Tamil religious treatise

The Tyagaraja Lilaikal (தியாகராஜ லீலைகள்; ) or the Tiyākarājalīlaikal is a Tamil religious treatise on the playful nature of the deity Tyagaraja (Shiva) of Tiruvarur. It is similar to the Tiruvilaiyadal Puranam in that it identifies Tyagaraja with the Cholas in the same way that the former identifies Meenakshi with the Pandyas. It is dated to the twelfth century CE.

==Content==
The following are some excerpts from the work:

Lilai 1: The first act begins with Shiva asking Vishvakarma to build a town at Tiruvarur with a Valmika temple at its centre.

Lilai 3: This act begins with Shiva appearing as Tyagaraja and is hailed as the kuladaivam of the region.

Lilai 8: Tyagaraja asks Airavata to garland the future king of Chola Nadu as the land is without a king.

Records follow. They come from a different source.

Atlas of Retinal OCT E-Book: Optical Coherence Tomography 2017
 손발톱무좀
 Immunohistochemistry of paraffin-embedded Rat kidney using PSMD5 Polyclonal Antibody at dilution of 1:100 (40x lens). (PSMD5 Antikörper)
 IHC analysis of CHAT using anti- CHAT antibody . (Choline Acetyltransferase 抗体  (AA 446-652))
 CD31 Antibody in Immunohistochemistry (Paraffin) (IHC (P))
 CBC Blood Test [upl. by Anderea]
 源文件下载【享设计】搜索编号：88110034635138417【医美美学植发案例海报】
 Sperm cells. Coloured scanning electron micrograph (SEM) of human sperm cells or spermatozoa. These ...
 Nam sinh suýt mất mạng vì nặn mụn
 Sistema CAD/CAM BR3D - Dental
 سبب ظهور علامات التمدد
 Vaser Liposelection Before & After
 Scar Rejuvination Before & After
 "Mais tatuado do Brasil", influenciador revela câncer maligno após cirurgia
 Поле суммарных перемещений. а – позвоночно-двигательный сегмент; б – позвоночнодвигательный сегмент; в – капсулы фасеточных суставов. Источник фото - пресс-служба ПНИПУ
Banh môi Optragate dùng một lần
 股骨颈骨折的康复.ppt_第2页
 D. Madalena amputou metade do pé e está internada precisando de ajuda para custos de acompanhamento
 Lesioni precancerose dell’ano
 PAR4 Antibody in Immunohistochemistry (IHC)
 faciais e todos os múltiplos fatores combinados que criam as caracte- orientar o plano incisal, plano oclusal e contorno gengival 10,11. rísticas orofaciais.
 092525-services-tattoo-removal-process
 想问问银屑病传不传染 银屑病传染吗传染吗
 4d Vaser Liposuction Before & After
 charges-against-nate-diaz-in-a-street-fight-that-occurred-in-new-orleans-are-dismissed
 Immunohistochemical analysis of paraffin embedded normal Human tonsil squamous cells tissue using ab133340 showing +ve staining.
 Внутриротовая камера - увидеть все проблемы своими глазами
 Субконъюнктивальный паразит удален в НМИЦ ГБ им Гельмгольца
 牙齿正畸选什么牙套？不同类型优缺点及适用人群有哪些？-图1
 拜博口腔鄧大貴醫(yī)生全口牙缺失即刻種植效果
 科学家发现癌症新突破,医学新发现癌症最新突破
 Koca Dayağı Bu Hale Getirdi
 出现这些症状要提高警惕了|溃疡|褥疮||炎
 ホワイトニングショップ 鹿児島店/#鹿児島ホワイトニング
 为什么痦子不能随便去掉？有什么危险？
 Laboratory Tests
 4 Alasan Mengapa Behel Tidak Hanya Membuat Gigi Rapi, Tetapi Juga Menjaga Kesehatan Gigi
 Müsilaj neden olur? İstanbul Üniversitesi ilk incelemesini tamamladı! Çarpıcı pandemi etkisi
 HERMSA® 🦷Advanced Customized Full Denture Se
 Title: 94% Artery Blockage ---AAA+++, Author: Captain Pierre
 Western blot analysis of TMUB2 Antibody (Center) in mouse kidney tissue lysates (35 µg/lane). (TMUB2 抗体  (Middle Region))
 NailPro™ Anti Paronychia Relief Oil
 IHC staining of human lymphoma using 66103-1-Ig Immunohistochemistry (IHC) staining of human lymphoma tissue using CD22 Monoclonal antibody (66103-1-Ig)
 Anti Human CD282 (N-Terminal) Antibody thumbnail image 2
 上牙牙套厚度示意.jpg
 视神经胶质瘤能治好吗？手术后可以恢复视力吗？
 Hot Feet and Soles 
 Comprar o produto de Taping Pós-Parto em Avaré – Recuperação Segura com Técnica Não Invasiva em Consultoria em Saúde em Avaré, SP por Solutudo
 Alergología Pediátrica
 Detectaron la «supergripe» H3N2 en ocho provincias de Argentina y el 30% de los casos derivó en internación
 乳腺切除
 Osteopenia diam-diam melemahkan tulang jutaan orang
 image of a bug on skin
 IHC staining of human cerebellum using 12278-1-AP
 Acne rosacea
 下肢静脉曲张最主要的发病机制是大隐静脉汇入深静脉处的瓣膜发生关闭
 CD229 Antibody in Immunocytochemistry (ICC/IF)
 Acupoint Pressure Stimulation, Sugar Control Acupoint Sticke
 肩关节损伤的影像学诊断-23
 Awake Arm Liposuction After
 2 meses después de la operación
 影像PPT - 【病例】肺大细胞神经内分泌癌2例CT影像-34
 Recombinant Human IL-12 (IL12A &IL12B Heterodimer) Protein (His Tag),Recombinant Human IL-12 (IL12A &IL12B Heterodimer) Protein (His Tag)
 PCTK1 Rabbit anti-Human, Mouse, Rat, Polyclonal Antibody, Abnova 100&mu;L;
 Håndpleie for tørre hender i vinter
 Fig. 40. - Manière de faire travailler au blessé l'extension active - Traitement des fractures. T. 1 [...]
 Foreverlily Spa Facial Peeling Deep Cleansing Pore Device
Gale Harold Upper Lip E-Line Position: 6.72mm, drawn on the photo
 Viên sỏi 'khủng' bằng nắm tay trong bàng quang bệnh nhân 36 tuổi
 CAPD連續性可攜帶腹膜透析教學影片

Airavata garlands a sage who is of the Suryavamsha or Solar race.

Lilai 53: In this act Tyagaraja dons the robe of a king and dispenses justice to a family that is falsely denied of its wealth.

Lilai 70: This chapter explains how the children of Chola king Vikrama are saved by Tyagaraja when Sakuna Pandya tries to kill them using magic.

Lilai 102: In this act, Tyagaraja helps the Chola general against the Pandyas.

Lilai 248: In this chapter, we are told that when the Chola king was wounded in combat, blood poured out of the shoulder of Tyagaraja.

Lilai 322: In this act, celestial women play the veena everyday to Tyagaraja and they are blessed to be born as mortals and wed Chola kings.

Lilai 364: This chapter explains the grace of Tyagaraja to Āticholan.